Cet OJNI, «objet juridique non identifié», n'entre dans aucune catégorie
juridique connue. «Il a un corps de traité mais une âme de Constitution»,
résume joliment l'eurodéputé espagnol Iñigo Méndez de Vigo. Par beaucoup
d'aspects, c'est un traité international classique : il a été adopté par les
gouvernements, à l'unanimité comme tous les traités. Et pour entrer en
vigueur, il devra aussi être ratifié dans chaque Etat.
Consensus. Sans créer d'Etat fédéral ni émaner d'un «peuple européen», qui
n'existe pas, la Constitution affiche pourtant une ambition politique
supérieure aux quatre traités précédents de Rome (1957), Maastricht (1992),
Amsterdam (1997) et Nice (2000). Pour le politologue Olivier Duhamel, «la
Constitution est Constitution parce qu'elle s'appelle Constitution» : le
fait que les Etats aient voulu lui donner ce nom suffit à lui en conférer la
nature. Ce n'est pas un hasard si le nombre record de dix pays sur 25 a
d'ailleurs choisi de le faire ratifier par référendum, plutôt que par voie
parlementaire, manière de donner plus de solennité à cette étape.
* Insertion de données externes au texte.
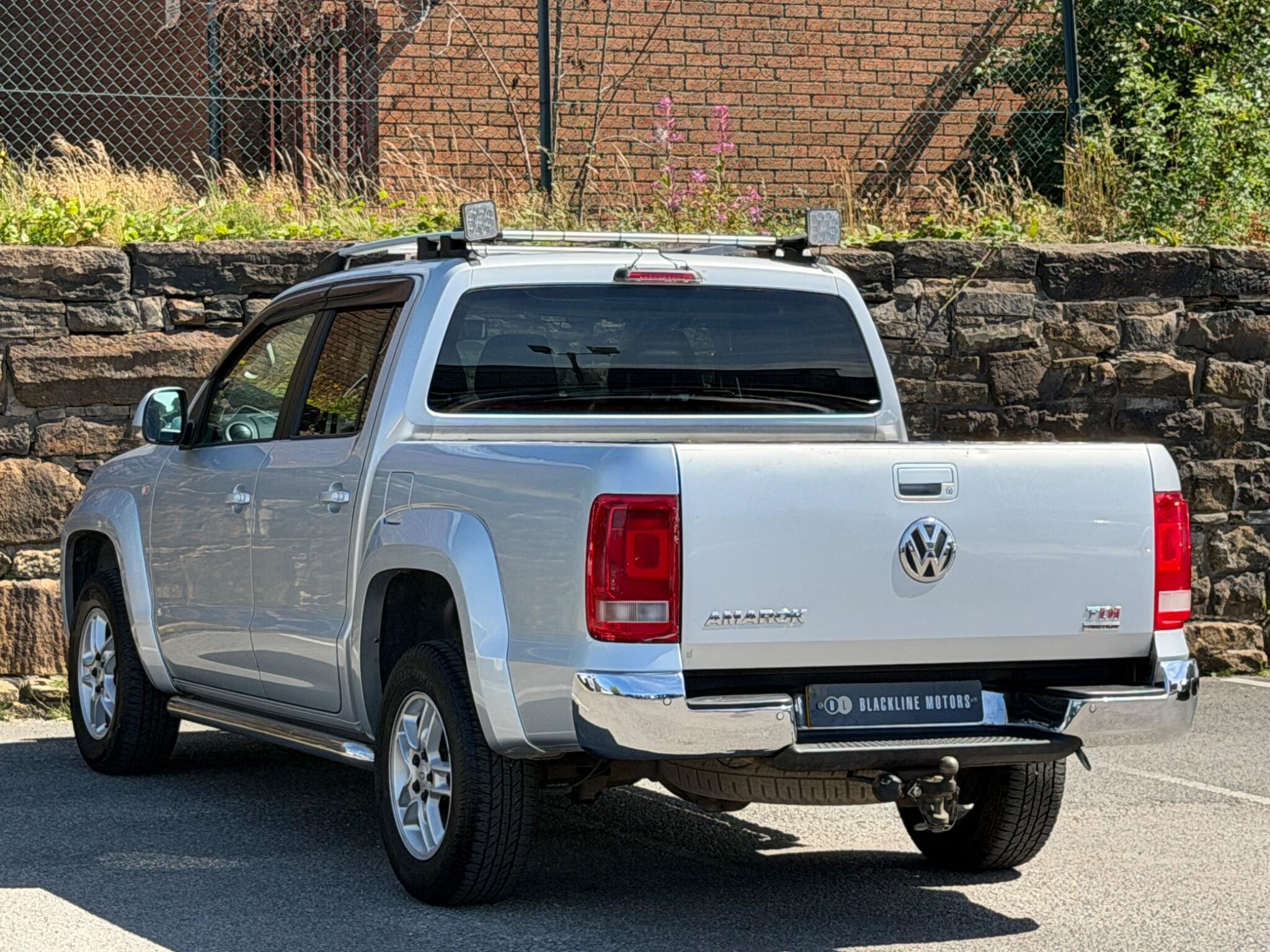 Volkswagen Amarok view 5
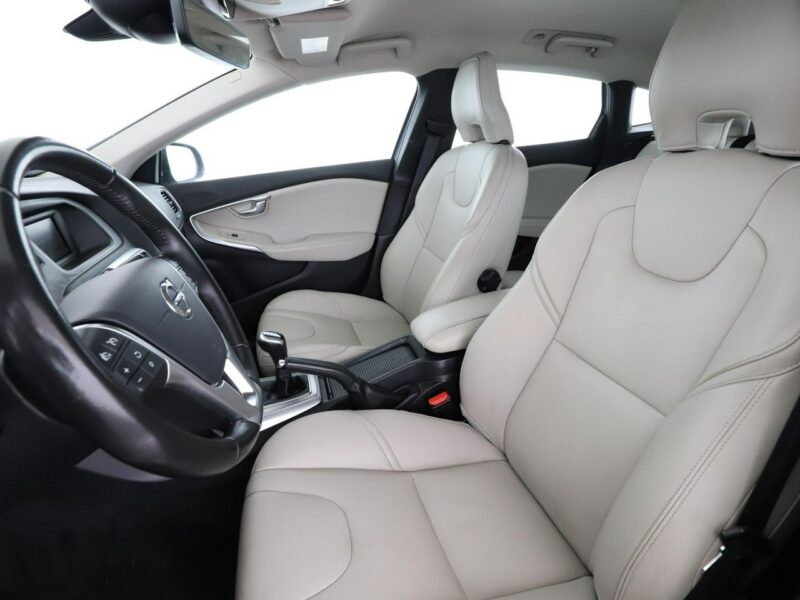 Volvo V40 full LED jasne skóry klima auto czujniki parkowania grzane fotele II (2012-)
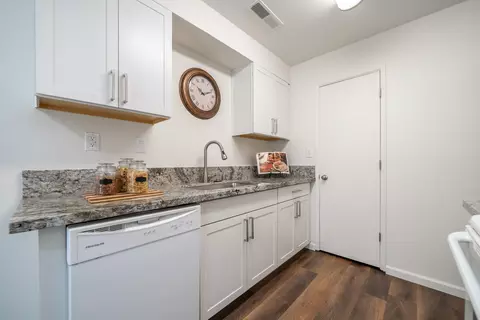 Kitchen - 3447 Odin Ct, Redding, CA 96002 photo 1 of 4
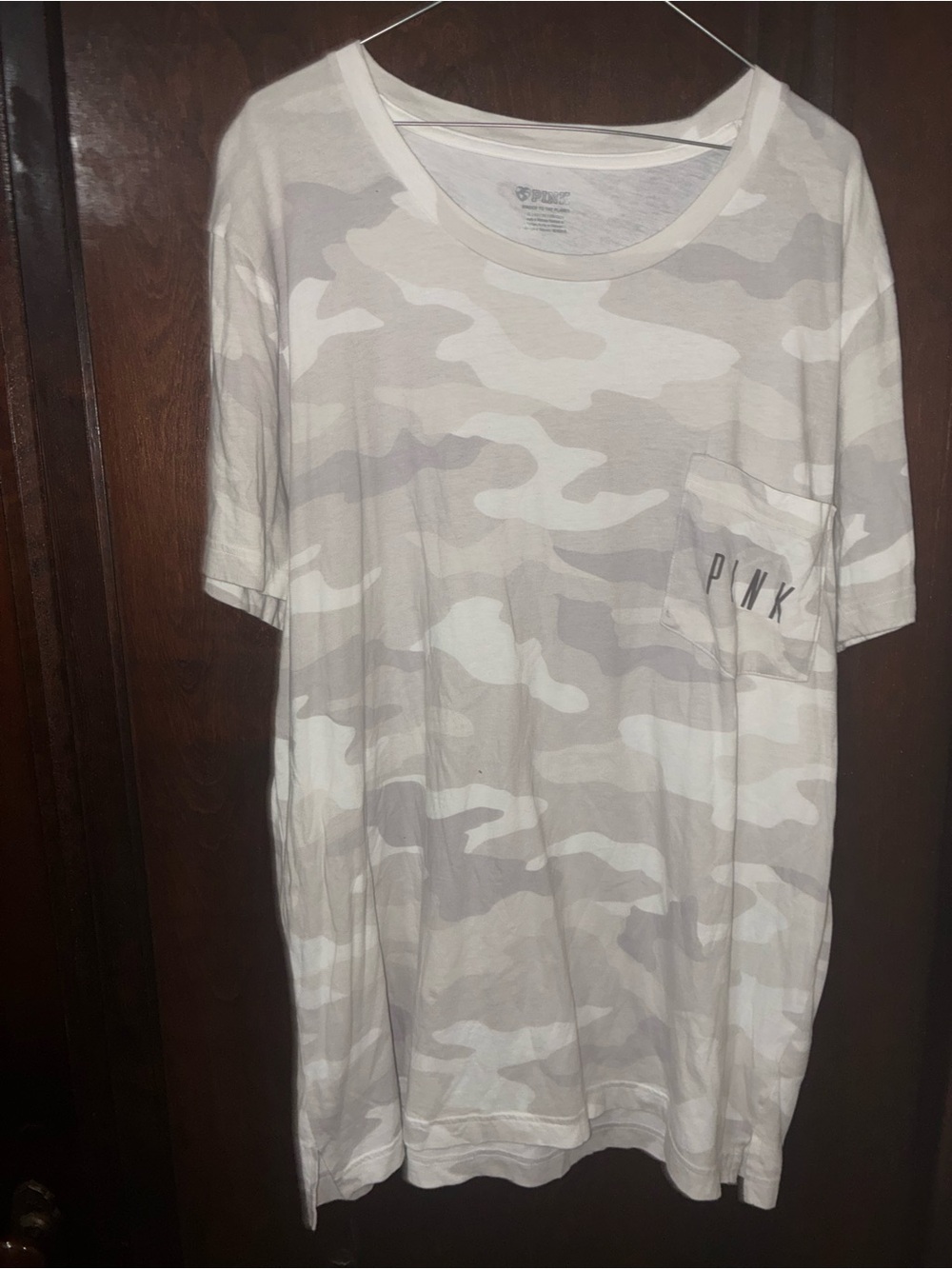 PINK Victoria's Secret Men's Short Sleeve Camo Pocket Tee - White & Light Gray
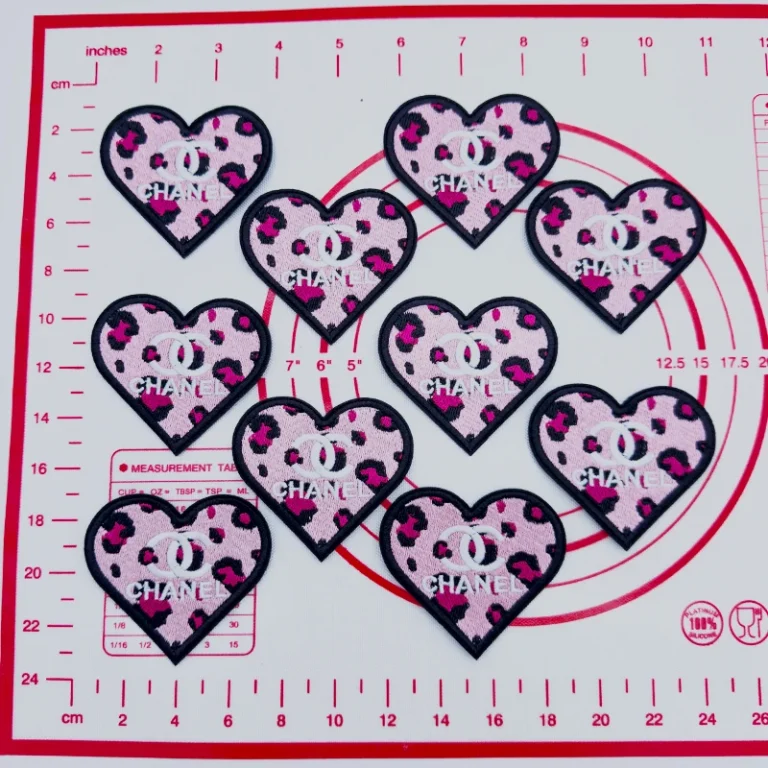 Mid(Iron-on) C-6 Love Shape Patches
Dès l'article I-1, l'Union voit, pour la première fois, sa légitimité fondée
à la fois sur «la volonté des citoyens et des Etats d'Europe». Autre
nouveauté, elle reçoit une «personnalité juridique» (article I-6) lui
permettant de conclure des traités internationaux. Soulignant «la
considérable force du déclamatoire», le juriste Jean-Luc Sauron décrit ce
texte comme «une clarification du vivre ensemble dans une communauté de
valeurs» (1). Des valeurs de «Dignité», «Libertés», «Egalité», «Solidarité»,
«Citoyenneté», «Justice», qui s'accompagnent de «symboles» et pour la
première fois d'une «devise» de l'Union.
La structure même du texte le rapproche d'une Constitution nationale : après
un préambule, la première partie, la plus novatrice, réorganise le pouvoir
au sein de l'Union (qui fait quoi entre le Conseil européen, la Commission,
le Parlement, le Conseil des ministres, etc.). La deuxième partie décline,
en 52 articles, les droits des citoyens. Il s'agit de la Charte des droits
fondamentaux de l'Union, proclamée en 2000, mais jusqu'ici sans valeur
juridique contraignante. Une quatrième partie contient les dispositions
générales (entrée en vigueur, révisions, etc.).
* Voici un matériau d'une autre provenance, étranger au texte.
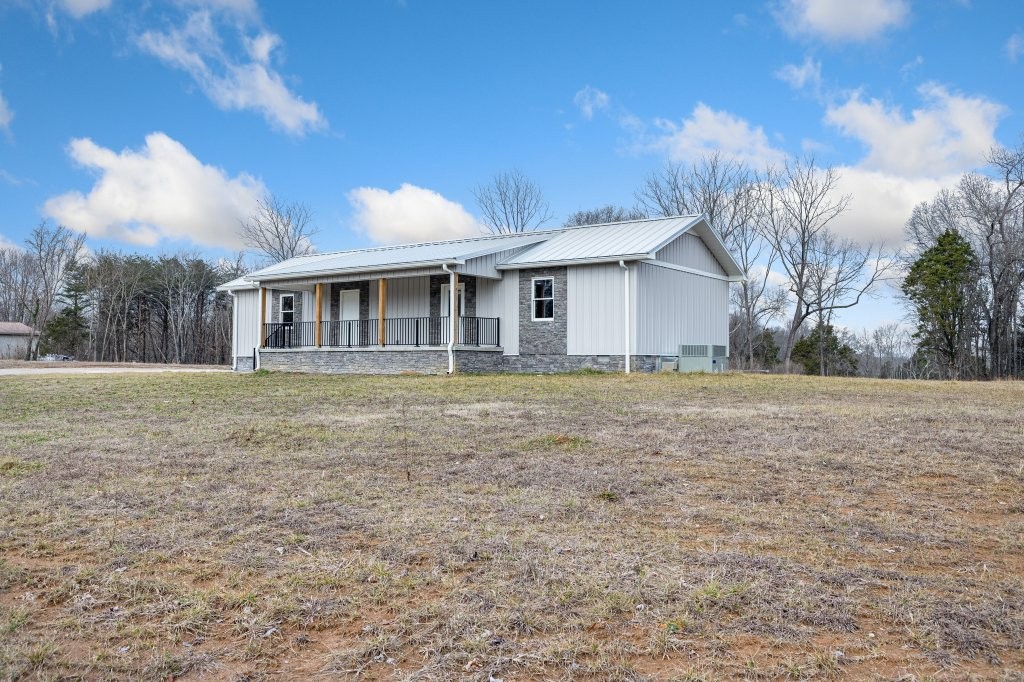 3575 Old Rock Island Road Rock Island TN 38581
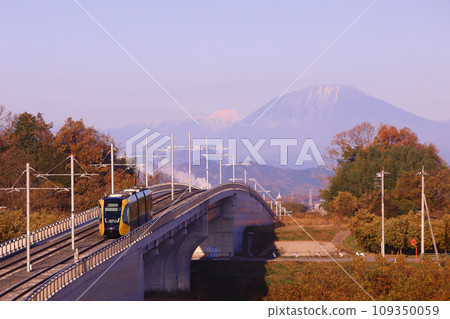 Utsunomiya City: LRT (next generation streetcar) running in the city and Mt. Nantai 109350059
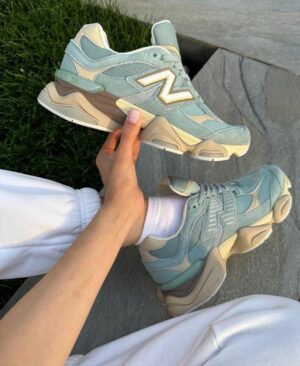 New Balance 9060 Sneakers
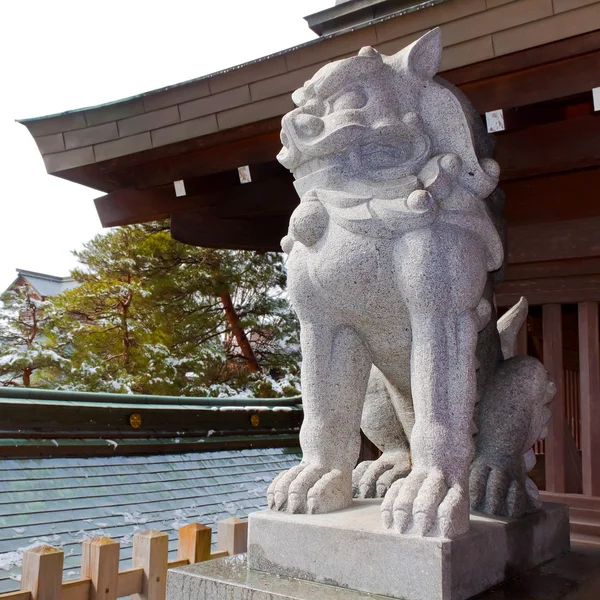 Lejon skulptur på sakurayama hachimangu helgedom hida - takayama, japan — Stockfoto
Ce qui donne à la Constitution une aura politique supérieure est aussi sa
rédaction par une «quasi-Assemblée constituante», la Convention. Une
élaboration bien plus démocratique que, par exemple, la Constitution de la
Ve République rédigée par un conclave d'experts. Outre le président de la
Convention, l'ancien président de la République française Valéry Giscard
d'Estaing, et ses deux vice-présidents, les anciens Premiers ministres belge
Jean-Luc Dehaene et italien Giuliano Amato, cette enceinte comptait 56
parlementaires nationaux, 16 eurodéputés, 28 représentants des Etats (les
Quinze de l'époque plus les dix futurs adhérents ainsi que la Bulgarie, la
Roumanie et la Turquie), et deux commissaires. En juillet 2003, après
dix-sept mois de travaux, Giscard d'Estaing a réussi à réunir un consensus
(2) d'autant plus remarquable qu'il émanait d'élus de vingt-huit pays,
eux-mêmes issus de près d'une centaine de partis politiques. Et, selon les
estimations de Giscard, environ 90 % du texte a ensuite survécu à la
révision finale de la copie par tous les gouvernements.
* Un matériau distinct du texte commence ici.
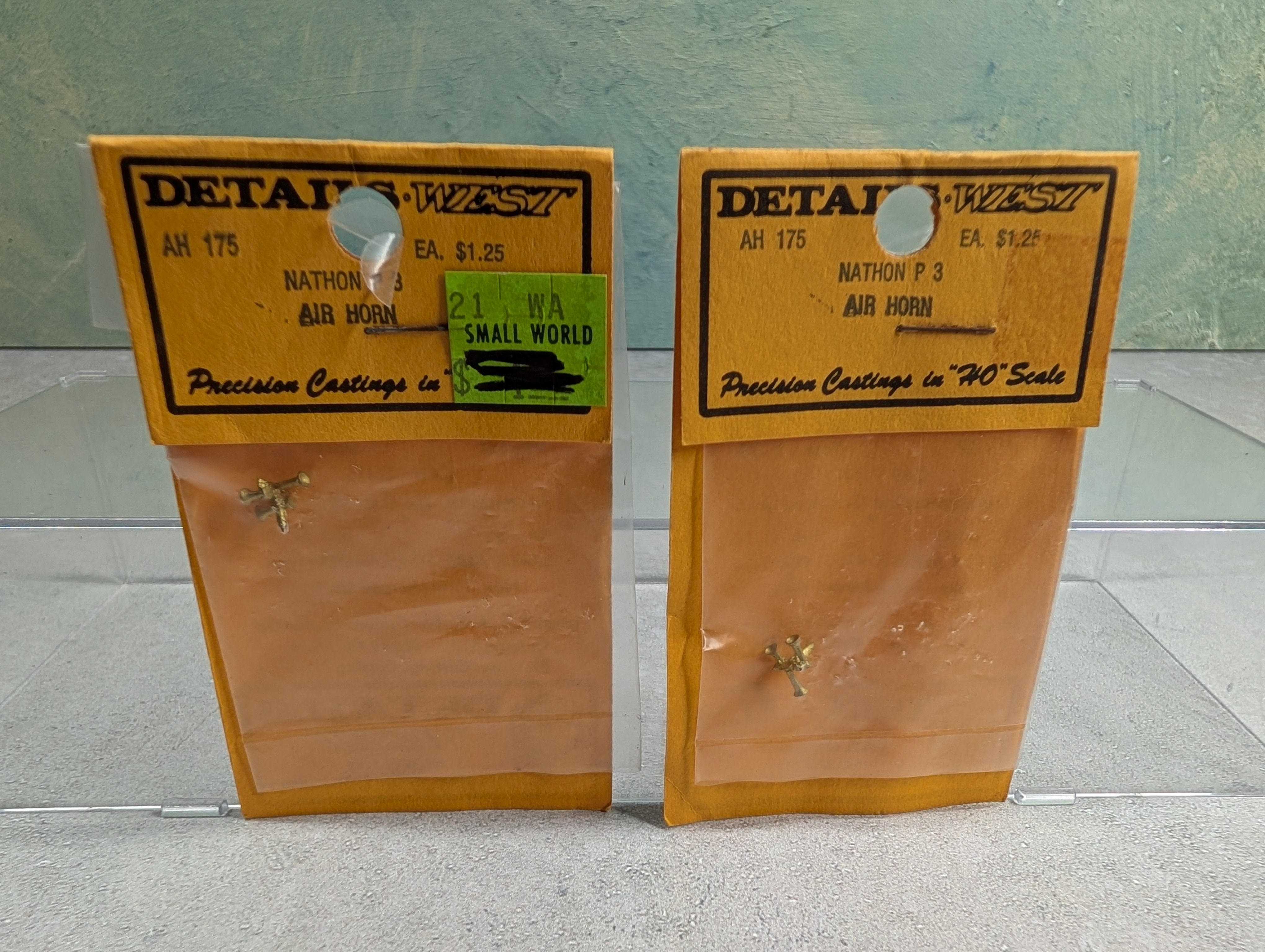 Details West AH175 HO Scale Nathon P3 Air Horn, Brass Detail Parts (2 pcs)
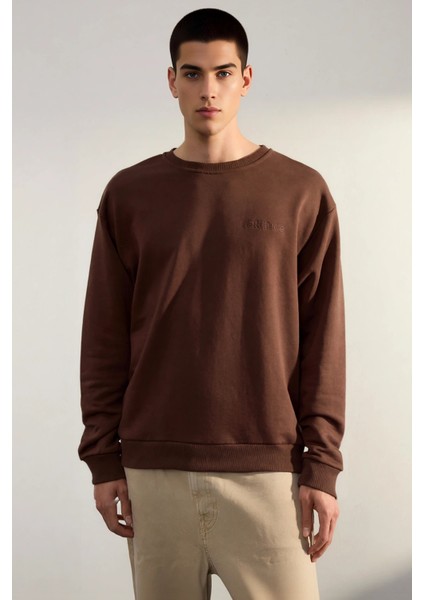 Erkek Bisiklet Yaka Düşük Kol Oversize Slogan Nakışlı Diagonal Sweatshirt Fonksiyonel Spor modelleri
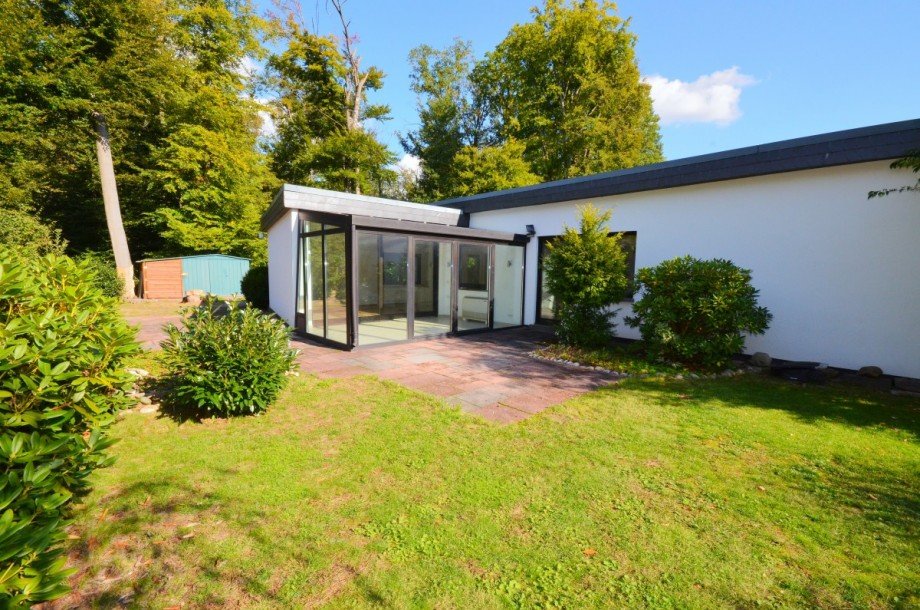 Terrasse vorne Bungalow Neu-Isenburg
Politiques communes. Ce qui distingue finalement ce traité d'une
Constitution au sens français du terme, c'est sa troisième partie, la plus
volumineuse, qui décrit les «politiques communes» (politique agricole
commune, transports, libre circulation, concurrence, solidarité entre
régions riches et pauvres, etc.). Il s'agit d'une reprise de l'ensemble des
traités existants depuis 1957, avec seulement quelques nouveautés, notamment
en matière sociale, de services publics ou de politique étrangère. VGE
n'était pas favorable à l'inclusion de cette troisième partie. Mais ce sont
les Etats qui l'ont exigée : pour eux, les politiques communes devaient
faire partie du contrat de mariage européen. Un pays n'accepte de partager
sa souveraineté, avec le risque d'être mis en minorité et de devoir
appliquer une décision qu'il n'a pas voulue, qu'à des conditions bien
précises. Pour la France, par exemple, l'existence de la politique agricole
doit être garantie et il eût été dangereux de la reléguer dans un texte
pouvant être considéré comme de second ordre.
(1) in la Constitution européenne expliquée, Gualino, 320 pp., 20 €.
(2) Seuls les représentants des gouvernements espagnol et polonais ont émis
des réserves sur le nouveau système de vote au sein du Conseil des
ministres.
NON
«Napoléon disait d'une Constitution qu'elle devait être "courte et
obscure''.
La "Constitution européenne" n'obéit qu'à une seule de ces deux
recommandations.
Elle est en effet démesurément longue.»
Jean-Pierre Chevènement, président d'honneur du MRC
(in Pour l'Europe, votez non !. Fayard)
Intitulé
«Traité établissant une Constitution pour l'Europe.»
Préambule
Les vingt-cinq chefs d'Etat et de gouvernement de l'Union se disent
«reconnaissants aux membres de la Convention européenne d'avoir élaboré le
projet de cette Constitution au nom des citoyennes et des citoyens et des
Etats d'Europe».
Article I-1
Etablissement de l'Union :
«Inspirée par la volonté des citoyens et des Etats d'Europe de bâtir leur
avenir commun, la présente Constitution établit l'Union européenne, à
laquelle
les Etats membres attribuent des compétences pour atteindre leurs objectifs
communs. L'Union coordonne les politiques des Etats membres visant à
atteindre ces objectifs et exerce sur le mode communautaire les compétences
qu'ils lui attribuent.»
Article I-6
Le droit de l'Union :
«La Constitution et le droit adopté par les institutions de l'Union, dans
l'exercice des compétences qui sont attribuées à celles-ci, priment le droit
des Etats membres.»
Article I-8
Les symboles de l'Union :
«Le drapeau de l'Union européenne représente
un cercle de douze étoiles d'or sur fond bleu.
L'hymne de l'Union est tiré
de l'Ode à la joie de la Neuvième Symphonie de Ludwig van Beethoven.
La devise de l'Union est : «Unie dans la diversité.»
La monnaie de l'Union est l'euro.
La journée de l'Europe est célébrée le 9 mai dans toute l'Union.»